MIF was positively correlated with MDA which is in consistence with previous studies [43, 44]. This reflects the possible role of OS in induction of MIF release [45]. However, positive correlation of MIF with TG/HDL-C ratio might reflect an induction of MIF by high FFA which characterizes the insulin resistance and T2DM [46]. This may explain the high level of MIF in uncontrolled cases carrying higher incidence of complications.

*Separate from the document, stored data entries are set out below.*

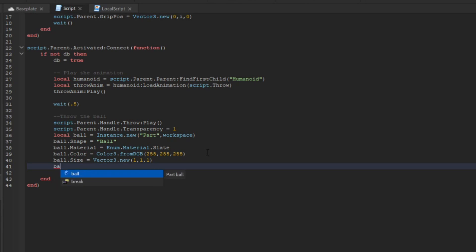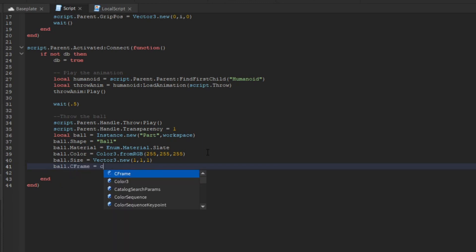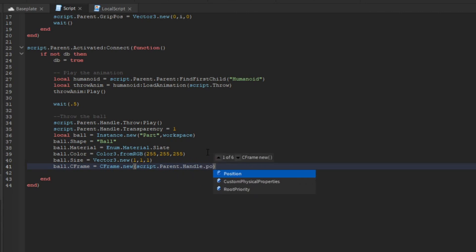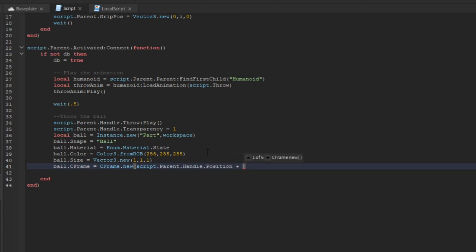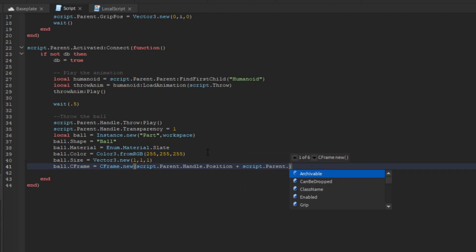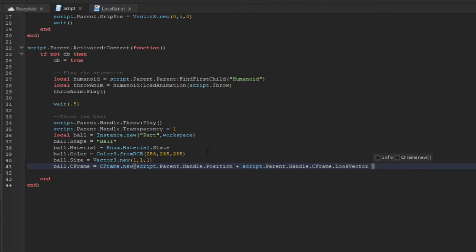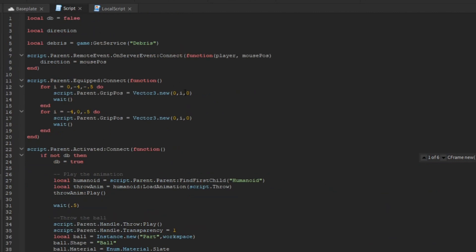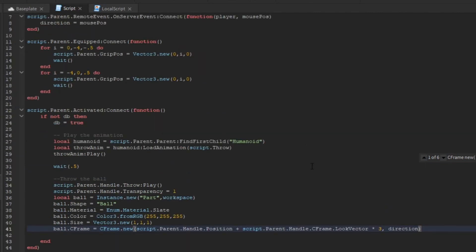Now we set the ball's CFrame — this is tricky. We say ball.CFrame = CFrame.new(script.Parent.Handle.Position) offset upward, then multiply by script.Parent.Handle.CFrame.LookVector times about 3. The direction variable holds the mouse position so the ball knows what direction to travel toward where the mouse is pointing.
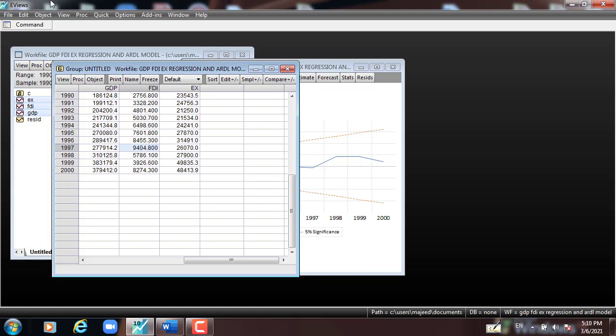To summarize: R-squared is 90.86 percent, fitting the data nicely. The variables are statistically significant in explaining the dependent variable GDP, and the F-statistic is significant, meaning the independent variables jointly explain GDP overall. The model is free from serial correlation, heteroscedasticity, and ARCH effect. The only issue is that the residuals are not normally distributed, but we can proceed with forecasting. The model is well specified and stable. Thank you very much — please don't forget to subscribe for new videos.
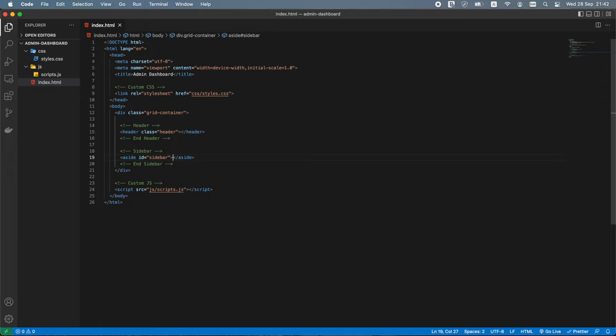Let's also define the corresponding closeSidebar function. If sidebarOpen is true, we remove the sidebar-responsive class from the sidebar element and set sidebarOpen to false.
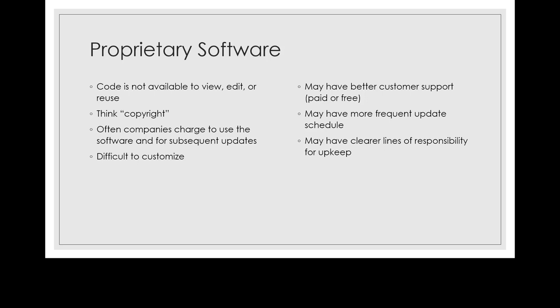The easiest type of software to define is proprietary software, so that's where we're going to start. Now proprietary software is any software where the code is owned and not released by the people who wrote it. Think copyright when you think of proprietary software.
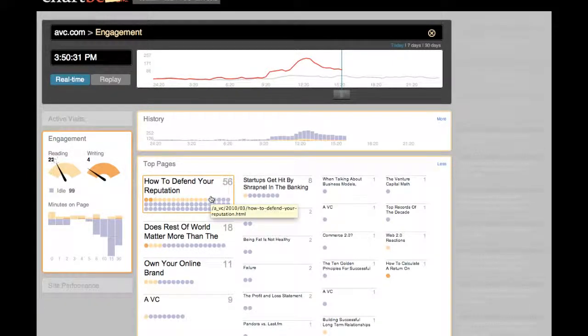To try this out for yourself, go to chartbeat.com slash demo2. Thank you.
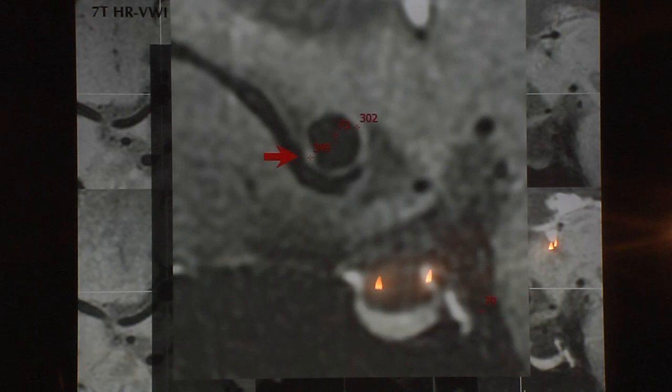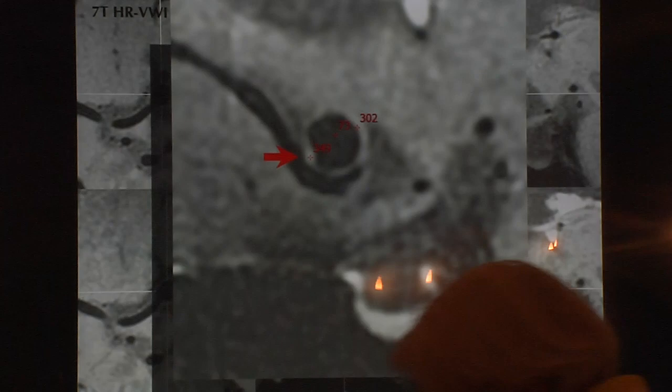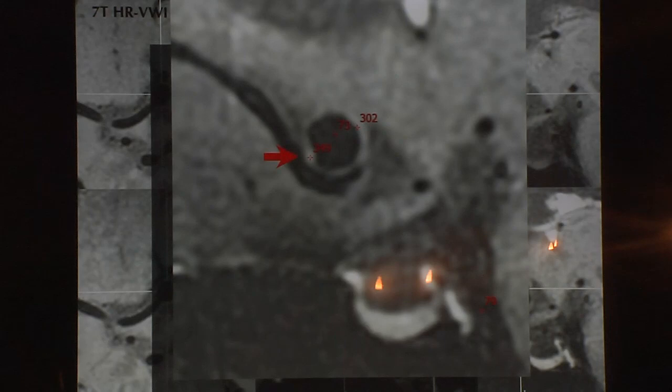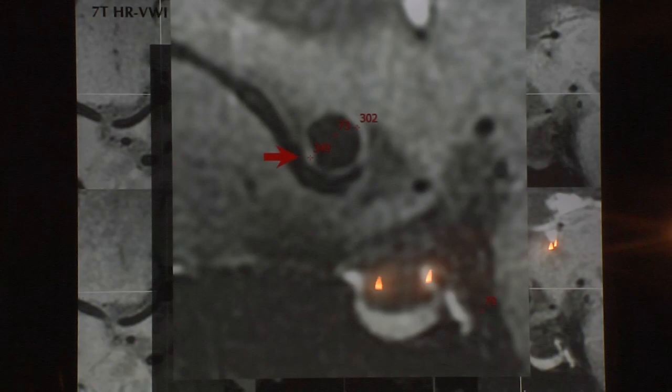The enhancement is mostly uniform, but we notice that some areas of the wall enhance more than others, and some parts don't enhance at all. This tells us that the aneurysm wall is like a microenvironment — it's a process that keeps changing all over the aneurysm, not a uniform process.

In the present study, uncontrolled diabetics had significantly higher levels of MDA, an indicator of lipid peroxidation in agreement with Bikkad et al. and Shinde et al. [47, 48]. In agreement with Manohar et al., we found significant positive correlation between MDA level and all measured lipid parameters except HDL-C that was negatively correlated with MDA, denoting the coexistence of atherogenic risk factors and OS [49]. Furthermore, MDA levels show significant positive correlations with indicators of glycemic control, FBG and HbA1c%. One of the derangement effects of OS in diabetics is disturbance of renal functions [50]; that may explain the significant higher blood urea level detected in the uncontrolled than in the controlled diabetic group.

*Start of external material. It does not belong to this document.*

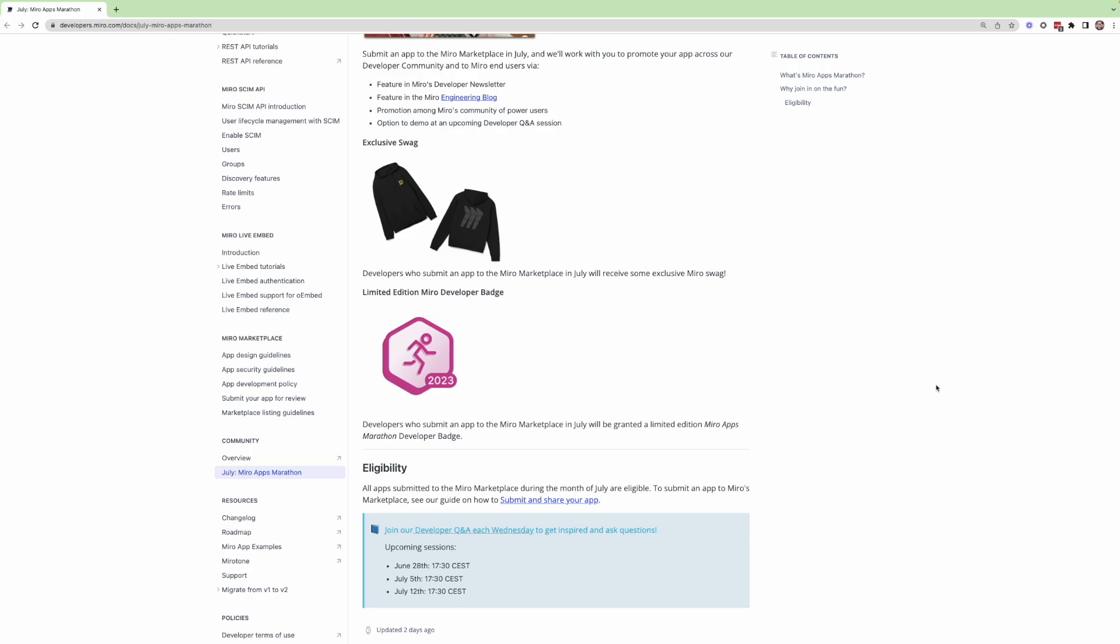And then perhaps my favorite is the limited edition Miro developer badge. So if you're familiar with our developer hub, we have a new badge system where you can earn recognition and credit for things you do on the developer platform.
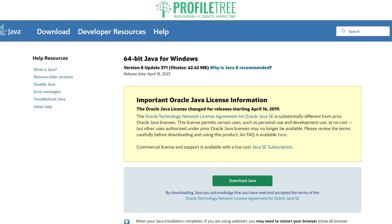You now have the ability to open any sort of Java file. That is how to install Java on Windows 10 — nice, easy, and simple to do. If you found this video helpful, please leave a comment below. Thanks very much for watching and I'll see you in the next video.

High MDA level may be the end result of chronic hyperglycemia effect in the development of OS. It is well known that chronic hyperglycemia due to either decreased insulin secretion or insulin resistance leads to excess free radical generation with a consequent lipid peroxidation, depletion of antioxidants, and enhanced OS in T2DM [51]. Hyperglycemia causes the production of free radicals in several ways: firstly, through nonenzymatic generation of advanced glycation end products which are highly reactive, causing cross link formation, trapping of proteins, and lipid peroxidation [52]. Secondly, hyperglycemia generates greater amounts of superoxide anions more than the scavenging capacity of mitochondrial superoxide dismutase [53]. Thirdly, hyperglycemia decreases intracellular NADPH content, resulting in depletion of reduced glutathione [54]. Those together with decreased activity of the antioxidant enzymes by glycation as well as their consumption lead to an increased OS [55]. However, OS produces insulin resistance via inactivation of glucose transporter 4 with subsequent hyperglycemia. Eventually, a vicious circle links hyperglycemia to OS and establishment of micro- and macrovascular complications in T2DM [56].

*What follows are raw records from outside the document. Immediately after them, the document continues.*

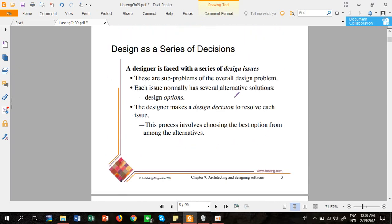A designer has a series of decisions to make. Whenever a software designer receives a particular problem, they divide it into sub-problems, then sub-sub-problems, and so on, until a specific solution is reached. This decomposition approach is what software designers generally follow — breaking a problem down progressively until actionable solutions emerge.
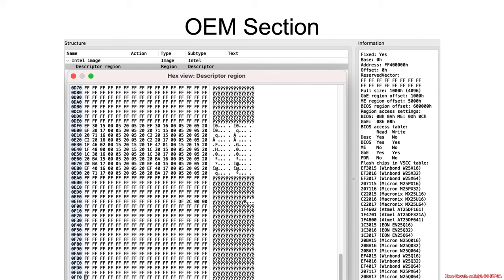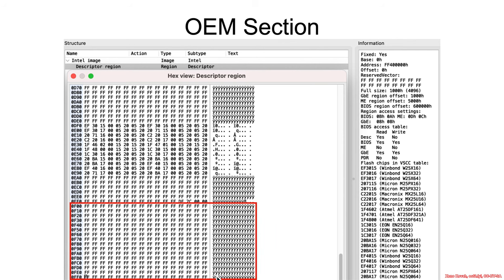The OEM section is 256 bytes at the end of the Flash Descriptor. The Flash Descriptor is FFFF for the last byte, so this is the data.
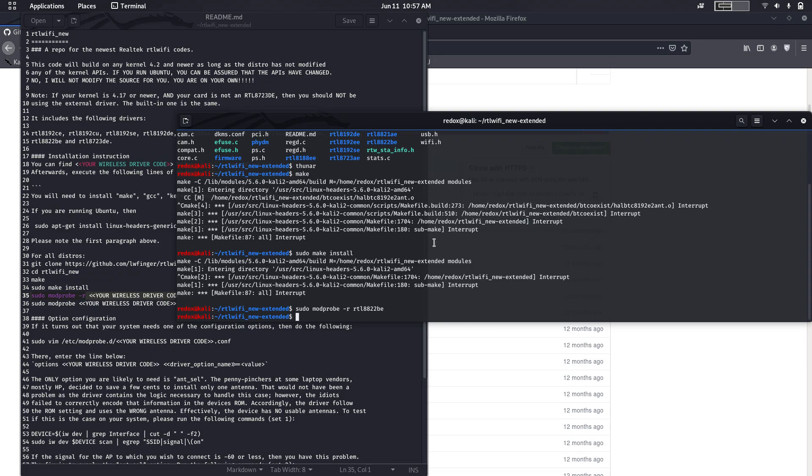And after installing it, give it a restart or type sudo network manager restart. So sudo networkmanager restart.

Based on ROC curve analysis, we found that MIF and MDA had higher sensitivity and specificity than lipid risk factors TG/HDL-C and LDL-C/HDL-C ratio. Although the sensitivity of MDA was higher than that of MIF (100% versus 97%), the specificity of MIF was higher than that of MDA (100% versus 88%). Out of the studied markers, TG/HDL-C ratio had the lowest sensitivity and specificity in identifying diabetic patients at higher risk of developing complications. Thus, high sensitivity and specificity of MIF, MDA, and LDL-C/HDL-C indicate the importance of these parameters as predictors of metabolic disturbances which promote diabetic vascular complications.

5. Conclusion

MIF, MDA, and LDL-C/HDL-C could be predictors of metabolic disturbances which promote vascular complications in T2DM patients and might provide an early sensitive screening tool for optimal management of T2DM patients. Also, targeting MIF by a novel therapy together with antioxidant may guard against the development of diabetic complications. Measurement of MIF and MDA level and calculation of LDL-C/HDL-C in T2DM patients are strongly recommended.

Competing Interests

The authors declare that there are no competing interests regarding the publication of this paper.

Authors’ Contributions

Heba Kamal Morsi and Manar Mohammad Ismail researched literature, conceived the study, gained ethical approval, performed the lab work and data presentation, prepared the paper, and critically reviewed and edited the paper. Heba Kamal Morsi and Hassan Abdelaziz Hassan Gaber were responsible for patient recruitment and data collection. Amani Abdelhamid Elbasmy performed statistical analysis. Heba Kamal Morsi wrote the first draft of the paper. All authors approved the final version of the paper.